I’m not sure how many cars reside in the basement, but there were double rows of automobiles, race cars and passenger cars, all around the perimeter walls. Dennis told me some car will be sold because the museum’s future focus will be cars that have some relationship to the Speedway. others belong to the Hulman-George family and will be returned to them.
One of the race cars that caught my eye was a dirt/speedway car from the early 1950’s. Jimmy Bryan drove it to second place in the 1954 Indianapolis 500. Jim Rathmann, Bob Sweikert, and A. J. Foyt also drove the car. it wears the livery of Dean Van Lines. This car compares to the Boyle Maserati in having a string of outstanding drivers in the pilot’s seat. The Maserati was driven by Wilbur Shaw, Ted Horn, and Bill Vukovich.
Some other vehicles of note are Mary Hulman’s Rolls-Royce, which she drove just one time to the grocery store.
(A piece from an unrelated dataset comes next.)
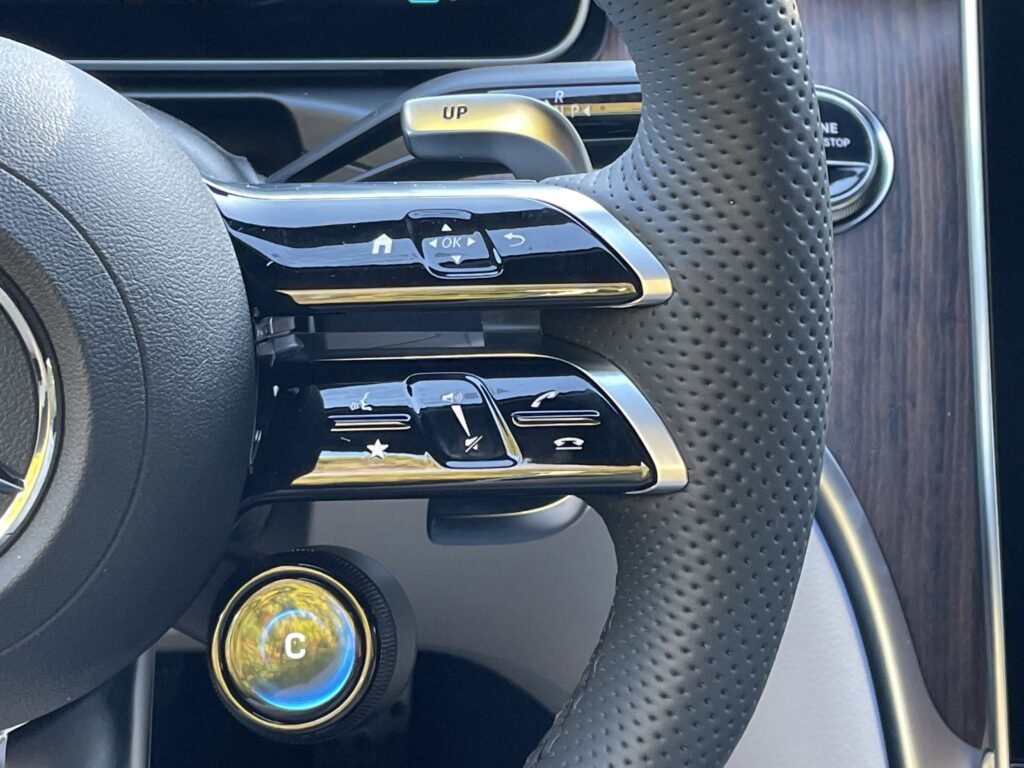 صورة السيارة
The car attracted so much attention that she hired a chauffeur to drive it after that. I liked the early 1900s Apperson and the Duesenbergs that reside in the depths of the museum. There are also several of the actual pace cars. Of note is the original 1996 Dodge Viper that was scheduled to pace the field, but was pulled at the last minute because it contained Japanese parts. Another version of the Viper, which also sits in the vault, led the field to the green that year.
A single row of vintage cars along the wall to the right includes an 1886 Daimler and a Benz of the same year. these were basically carts with bench seats and a rudder for steering with a tiny motor in the back. Some other cars along that wall, from 1916, have roots in the Hulman-George family. Tony George was driven to school in one of them.
The 30 minute tour costs $100 and online reservations are recommended at indyracingmuseum.org. I had planned to just visit the museum and make a reservation for the tour another day. Since it was early and they had no tours scheduled, I got to take the tour immediately. .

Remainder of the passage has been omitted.